Alors que la tempête parfaite d’effondrement environnemental affectera ceux qui en ont le moins les moyens et qui ont peu contribué à son réveil, les forces déclenchées par la destruction non durable du monde naturel signifient qu’aucune nation n’est en sécurité. La décision d'hier soir était un signal terrifiant de la complaisance de notre classe politique actuelle face à cette réalité et de son aveuglement face aux effets du changement climatique et d'autres changements environnementaux. Il ne s’agit pas ici d’ours polaires et de se sentir mal en regardant Blue Planet II ; il s’agit de guerre et d’effondrement social. L’Anthropocène change vraiment tout.
L’ampleur et le rythme des perturbations environnementales provoquées par l’activité humaine nécessitent deux réponses simultanées.
La première n’est rien de moins qu’une transformation socio-économique mondiale qui ramène notre impact dans des limites sûres tout au long de la vie de la génération du millénaire. Ceci n’est pas garanti. Un Anthropocène néolibéral pourrait l'emporter, hiérarchique et antidémocratique, imposant des coûts inégalement partagés, opérant au-delà des frontières planétaires sûres et se tournant vers les « coups de lune » technologiques antipolitiques de la Silicon Valley pour le salut.
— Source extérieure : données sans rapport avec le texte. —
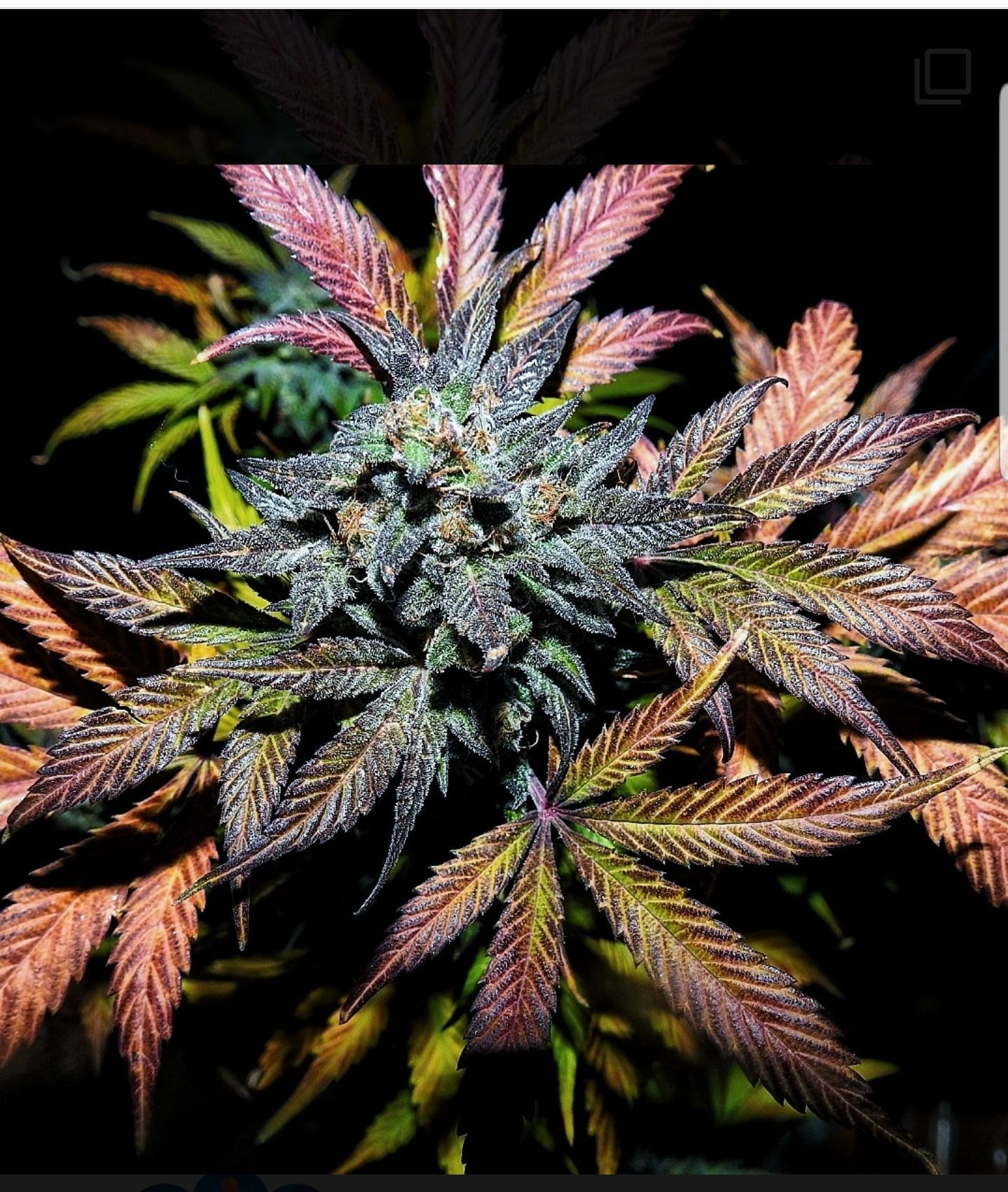Pinot Noir #2 growlog header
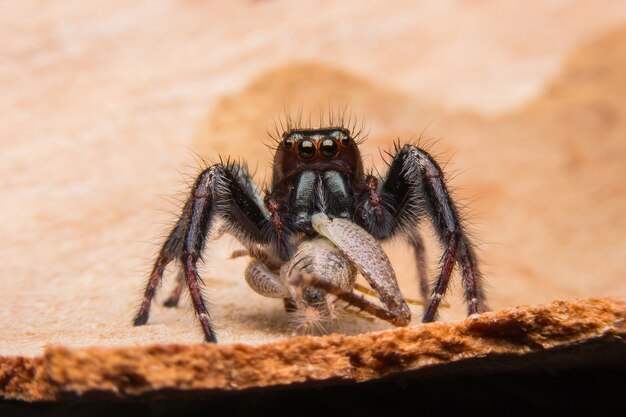 Araña comiendo el cebo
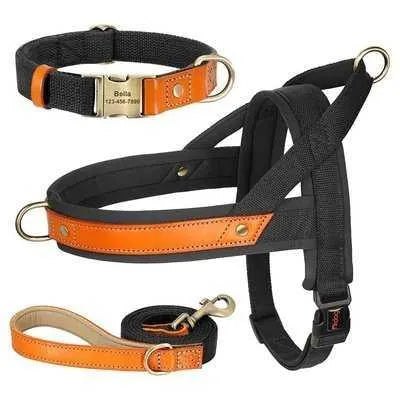 Royal Canine Charm Nylon Dog Collar Harness Leash Set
Nous avons plutôt besoin d’une politique engagée dans la négociation démocratique des défis environnementaux, capable de faire preuve de retenue collective lorsque cela est nécessaire, tout en se mobilisant pour une abondance partagée lorsque cela est possible. Elle devra être attentive à l’équité mondiale et intergénérationnelle, capable de reconstruire les institutions économiques à grande échelle et ancrée dans de nouveaux modèles de production et de consommation, de propriété et de gouvernance.
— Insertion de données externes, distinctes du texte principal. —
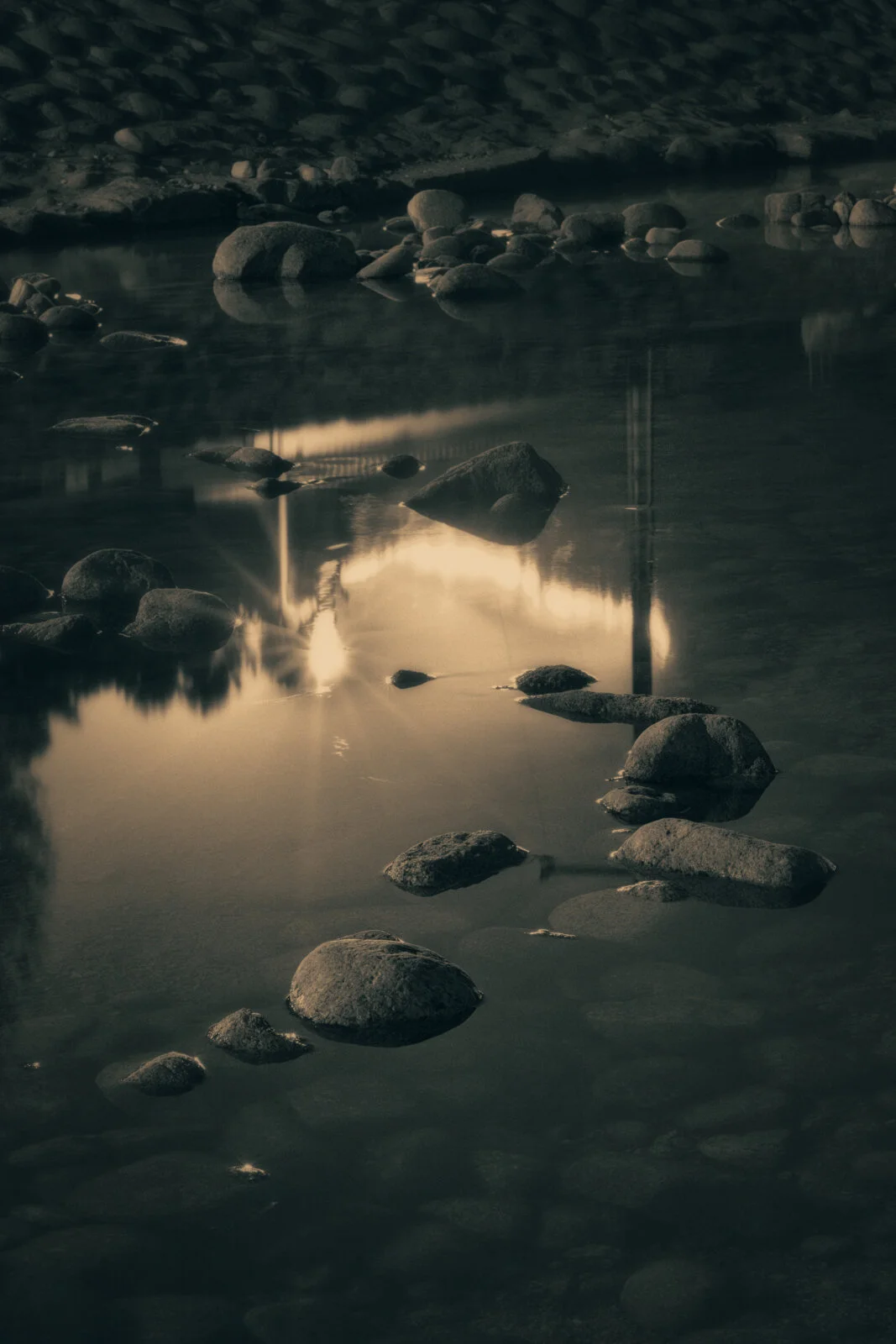 2903_BW_NEW ADJUSTED.jpg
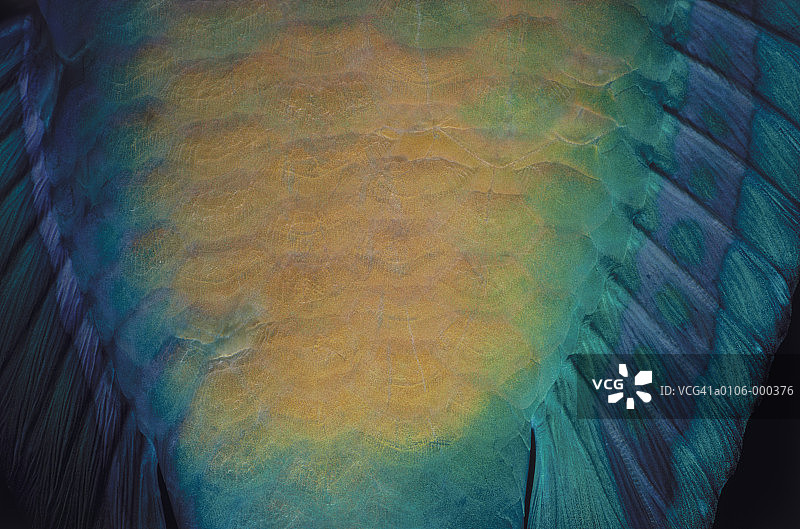 鹦鹉鱼鳞片图片素材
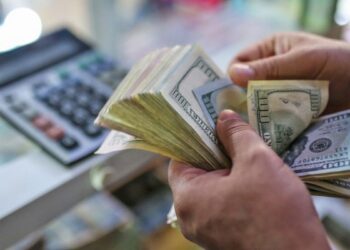 Proyecciones sobre la compra de dólares por parte de los argentinos hasta finales de 2026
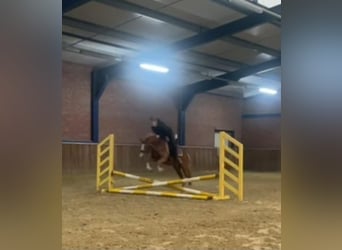 Welsh A (Mountain Pony), Gelding, 3 years, 12,1 hh, Chestnut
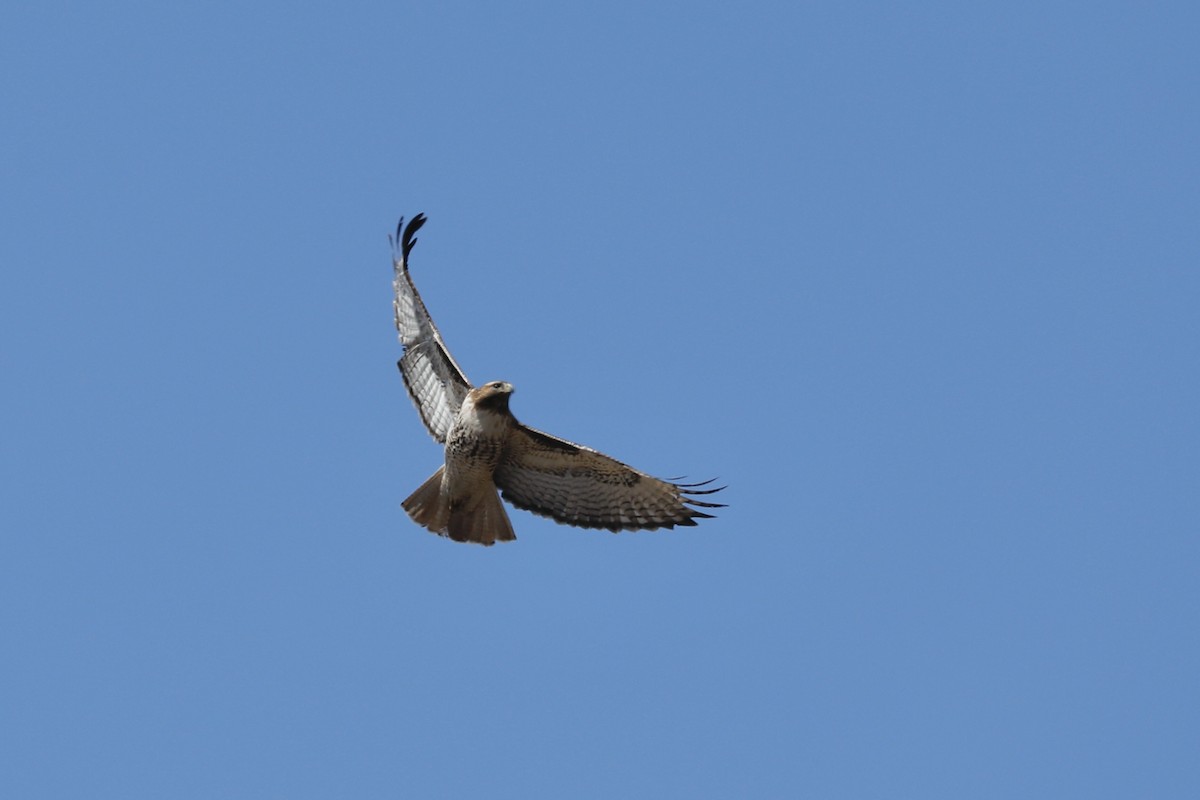 Red-tailed Hawk - ML617134112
Le deuxième est un effort concerté visant à garantir la résilience aux chocs environnementaux au sein des pays et entre eux, à mesure que les impacts des changements environnementaux commencent à s’accentuer. L’effondrement des systèmes naturels affecte déjà les sociétés et les économies du monde entier. Dans ce nouveau monde, le risque est non linéaire, cumulatif et systémique. Sans gouvernements, marchés et dirigeants résilients, la coopération mondiale pourrait être menacée lorsque les pays se replient sur eux-mêmes pour se protéger ou s’attaquent à l’extérieur pour obtenir un avantage sur leurs ressources. Voilà à quoi ressemble l'effondrement.
L’inaction n’est plus une option. Ne rien faire met en danger le fondement naturel sur lequel repose toute la société humaine et prive injustement les générations d’un avenir sain et sûr. Les défis de l’Anthropocène doivent donc être un déclencheur de nouvelles idées et de nouvelles manières d’organiser l’économie et la société. Le bricolage n’a pas sa place ici et les politiques de Thatcher et Blair sont aussi inappropriées que celles d’Attlee et Roosevelt – le risque systémique implore un changement systémique. Le mouvement croissant visant à détourner notre économie politique des échecs du néolibéralisme extractif et inégalitaire devrait placer cela au cœur de son développement.